BackupCoop

UPDATE (1/4/2014)

Crashplan has been working ok, but it still has some rough spots and flakes. It occasionally just gets stuck and there is no obvious reason why. Reboot sometimes fixes it, but not always. I really want to find a rock solid backup so I never have to think about it again.

New year, so i decided to try BackBlaze. I *love* thier writeup on hard drive reliability. It is nice to see that they think hard about this stuff.  Thier pricing model is also very generous at $5/mo for unlimited size.
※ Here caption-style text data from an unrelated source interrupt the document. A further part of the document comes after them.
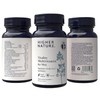 Higher Nature - Vitality Multivitamin for Men - True Food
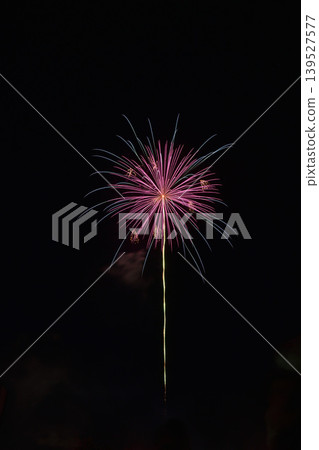 Single fireworks Single fireworks 139527577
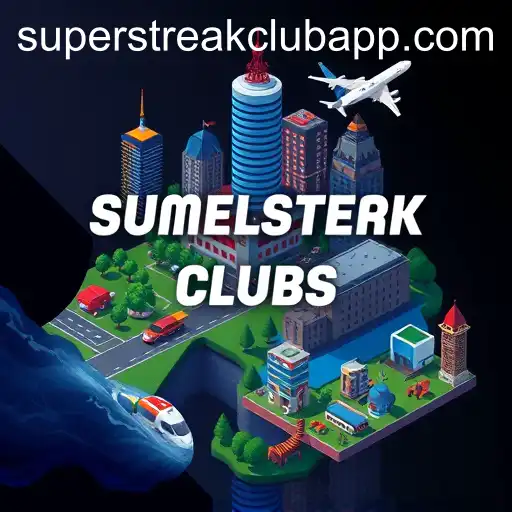 Exploring the Virtual Realm: The Rising Popularity of Simulation Games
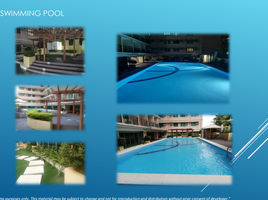  Departamento en venta en Pasig City, Metro Manila, Pasig City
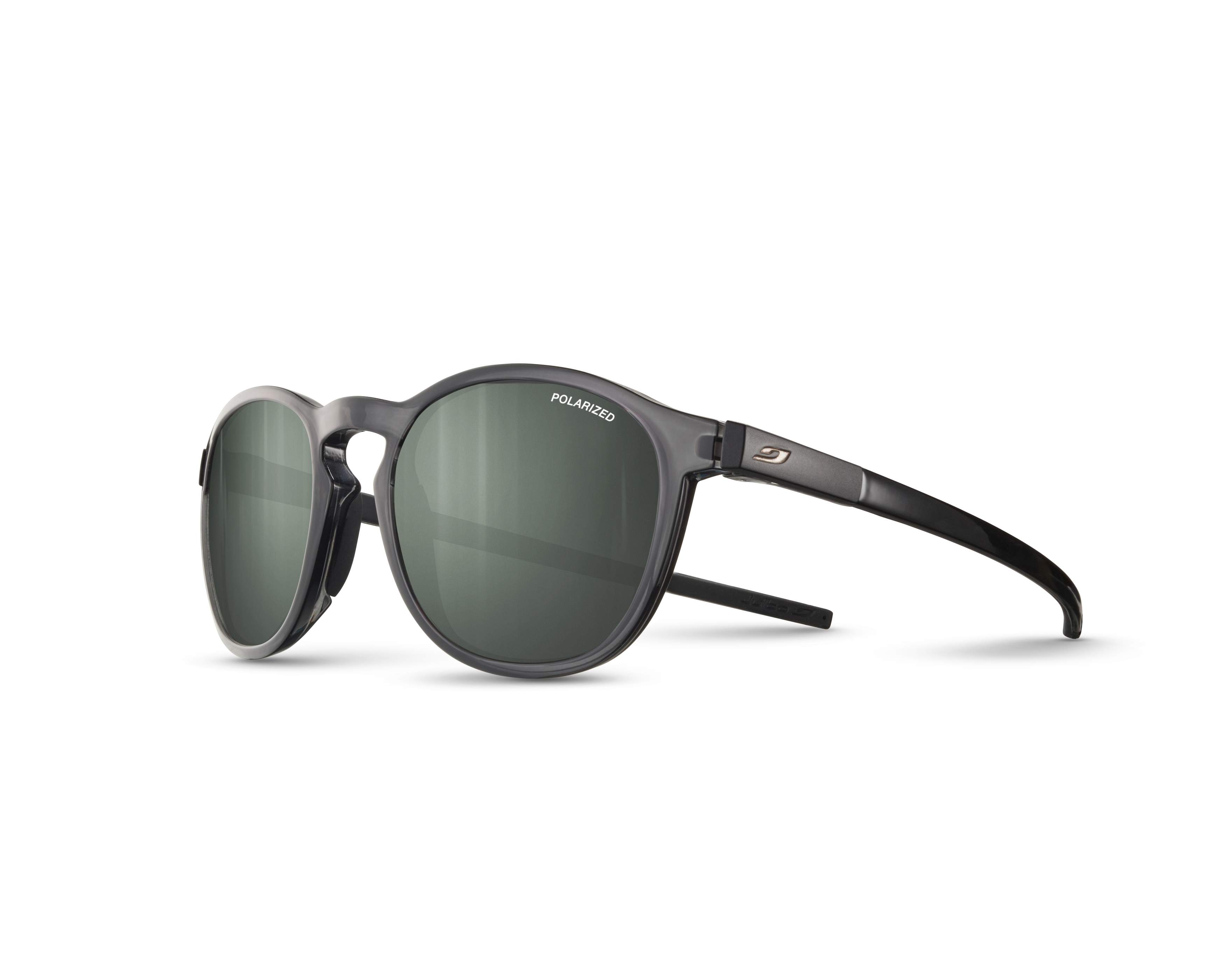 Julbo J575 9014: Buy Online | Visionet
Unfortunately Backblaze disapointed me. The user interface is very simple - too simple infact. There is no way to figure out what is going wrong when something goes wrong. It gives very unhelpful feedback. Unpausing a backup that had been pause for a week give the message "All files backed up", which can not be true. Ocassional;ly it would popup a box saying "Subscription expired" and take me to web web page showing my non-expired supscription. Argh.

But the real deal breaker came when I went to restore an older version of my Outlook PST file - - which is the most important and most freqently updated local file on my system - and found that it was not in the BackBlaze system at all. 

A search for "Outlook" in BackBlaze's support system brings up a page that assures...

Will Backblaze backup my email?

Yes, Backblaze will backup your email if it is locally stored on your computer. Email applications like Outlook, Outlook Express, Apple Mail, Entourage, Thunderbird, Eudora will all have their email backed up.


 Also, Backblaze will only backup the difference to the email database (PST, DBX, Database, etc.) and will NOT re-upload the entire email database.

Maybe my backup My backup Maybe The app window was clear in its message...

ALL FILES ARE BACKED UP

Further, the app's "What is being backed up link?" brings you to a page with the title "Backblaze backs up all your data". Yet, clearly all my data was NOT backed up.

An email to BackBlaze support got a swift reply stating...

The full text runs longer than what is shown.